The first round of voting is set for on May 23 and 24.
He said the group would ALSO look for other candidates to support, but that if no others were found by Wednesday, its backing for Abol Fotouh would be formalised.
Classified for many years as a terrorist organisation and banned in Egypt, Gamaa Islamiyya has sought to enter mainstream Egyptian politics since the popular uprising that toppled president Hosni Mubarak in February 2011.
Gamaa Islamiyya militants participated, along with members of Egyptian group Islamic Jihad, in the 1981 attack that killed Sadat, Mubarak’s predecessor.

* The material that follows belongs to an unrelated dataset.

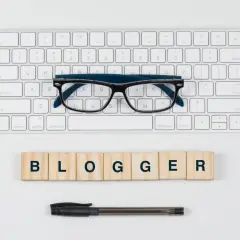 Wpis na bloga matura angielski: klawiatura, okulary i kostki z napisem BLOGGER.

It also claimed responsibility for a devastating attack in Egypt’s southern city of Luxor in 1997 that killed 62 people, most of them tourists.
Abol Fotouh is a former senior leader of the Muslim Brotherhood which expelled him from the movement last year because he nominated himself when the movement planned not to contest the election.
Last week, he secured the support of the most important hardline Islamist group, the Salafist Al-Nur party, which has around 20 percent of the seats in parliament, as well as the support of the moderate Islamist party Wassat.
Seen as a moderate Islamist, Abol Fotouh also enjoys the support of many young Brotherhood members who object to the Muslim Brotherhood’s conservative attitude.
He is also well regarded by a large number of secular-minded youth who participated in last year’s uprising against Mubarak.
Abol Fotouh’s growing support threatens to cause problems for official Brotherhood candidate Mohammed Mursi, who risks losing a large section of the Islamist vote to him.
Some Egyptian commentators reckon he has a good chance of making it through to the second round run-off on June 16 and 17, possibly to stand against Egypt’s main secular candidate, former foreign minister and ex-Arab League chief Amr Mussa.